Armies need good organizers but not as CinC. He would have never tolerated being the top organizer and let someone fight with his army. But that is the position he should have held.
Really? I will have to read more about his early days, I guess. I took for only a dandy without much worth in the field. This is good information....What is the commander in chiefs role if not this? As CinC he did the best job of any of the four generals to wear 3 stars (Scott, himself, Halleck and Grant) or worse the period where Stanton tried commanding directly, and subordinate commanders clearly understood their role in the wider continental battlespace and pushed through operations towards the grand design.
Criticism is usually centred on his "second hat" as commander of the Division of the Potomac (later downsized to the Army of the Potomac), precisely because it's so difficult to criticise his combinations elsewhere.
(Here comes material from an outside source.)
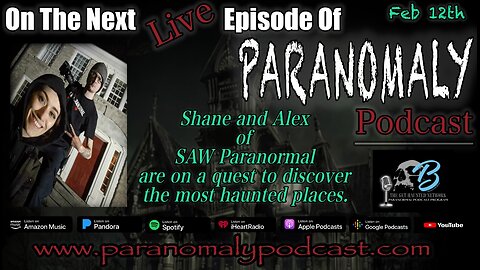 Paranomaly - Shane and Alex from SAW Paranormal. 2.12.24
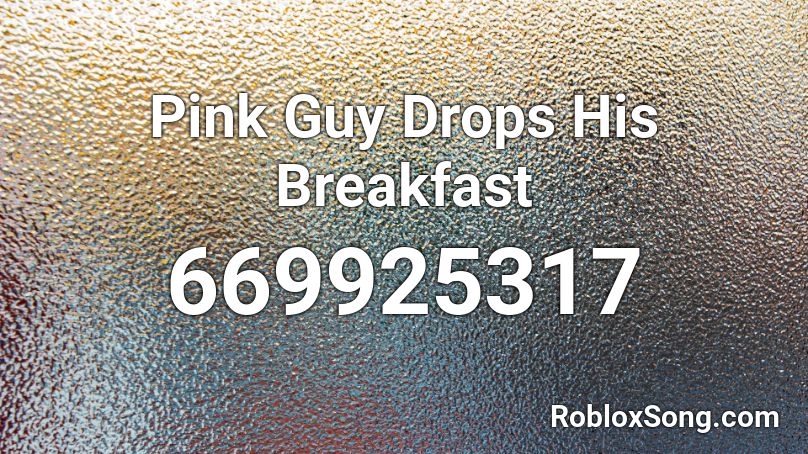 Pink Guy Drops His Breakfast Roblox ID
However, as you say he preferred the field to Washington, although he found commanding such a large army frustrating because it left him quite removed from some of the action and having to trust in subordinates who often let him down. Remember he was prettymuch a "special forces" type in modern terms, most happy sneaking behind Mexican lines with a knife and revolver at the behest of his boss, Capt Robert E. Lee.....
Yeah, I've got to read more about him. I may have only general points made, usually at his expense. And, for decades, anything he did regarding Lincoln, would have been viewed through a microscope lens. If he ever faulted Linconln, than alone would have ended any good press, in a larger sense.McClellan was an excellent general, and in places he was even brilliant. Many of the criticisms he gets are, in my view, unfair. For example, he gets criticized for the Harrison's Landing letter, but he in fact had received Lincoln's permission to present his political views of how the war should be conducted. He gets criticized for holding Lincoln in contempt, but with only a couple of exceptions he was punctiliously courteous to Lincoln. He was neither a coward nor a traitor. He had a conservative viewpoint and believed that his army was what stood between the nation and disaster. He acted accordingly, believing that if his army was lost the nation was lost. Ultimately he failed, though it wasn't all his fault. In my opinion he should have been more aggressive, but I can understand that viewing his army as standing between the nation and disaster he constrained himself from being what he regarded as too aggressive.
I don't know about traitor. But if I was the president and you call me a guerrilla I might just have you shot.